Penn & Teller are preparing two new bits for their stage show at the Rio, one that is in the show and one that is about to go into the show:

“The Atheist Deck of Cards, which is a physics lecture in the form of a card trick, is in the show now. And the Vanishing African Spotted Pygmy Elephant, which I believe will be in the show in four or five weeks,” Teller said. “That’s been in development for five years (Penn has tweeted a photo of Teller enjoying a picnic with what appears to be an African Spotted Pygmy Elephant). One thing you learn when you have been in the arts for a long time is that it takes a long time to make anything really good happen.”

Clarity is crucial in the telling of “The Tempest” at Smith Center:

“This is a full-scale magic show, a full-scale concert of Tom Waits and Kathleen Brennan music, this is most of all a full-scale, genuine clear production of 'The Tempest.'” Teller said. “This is telling the tale of ‘The Tempest’ with a clarity that no one will have trouble following. One of the besetting problems of ‘The Tempest’ is that Shakespeare’s audiences were better at pure listening. They were more experienced at pure listening. They hadn’t been given television and movies. So if you were to tell them the story, they saw it more instantly and visually in their minds. Part of our goal is to back up all of those words with images, so when you hear those words, you literally see the picture onstage, and that, I think, will help the clarity of it.”

The project reminds Teller of the time when he first became interested in magic:

“I was 4 1/2 years old and I got sick, so I was out of kindergarten for a while, recovering, and we’d just gotten a television. The TV show ‘Howdy Doody’ was on, and his clown, Clarabell, did magic,” Teller says. “One of the things they offered on the show was a Howdy Doody Magic Set, which you got for 35 cents and three Mars candy bar wrappers. I sent away for it, and it came. I’m now recovering, and I had nothing to do but play with this magic set.

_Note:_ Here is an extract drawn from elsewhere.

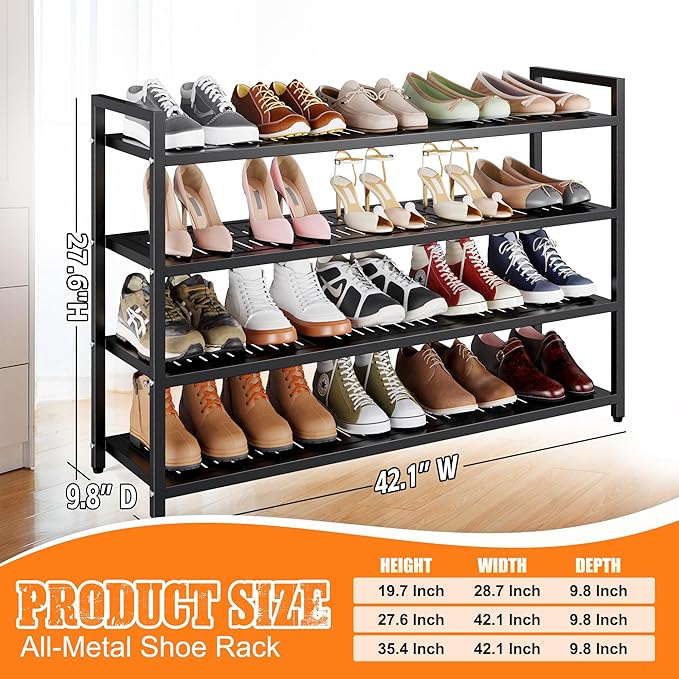 4-Tier Heavy Duty Metal Shoe Rack, 200 lbs Load Capacity Shoe Organizer with Reinforced Steel Tubes, No-Wobble Free Standing Shoe Shelf for Entryway, Closet, Bedroom, Dorm – Easy Assembly, Black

“This magic set was put in a flat envelope, made of pieces of cardboard that you tabbed together, and I remember staring at this for hours and hours, fascinated by the idea that something could look different from the way it really was. It was so fascinating to me. It just grabbed me with huge, psychological hooks, and I’ve never been able to shake it. … ‘The Tempest’ is a very large Howdy Doody Magic Set.”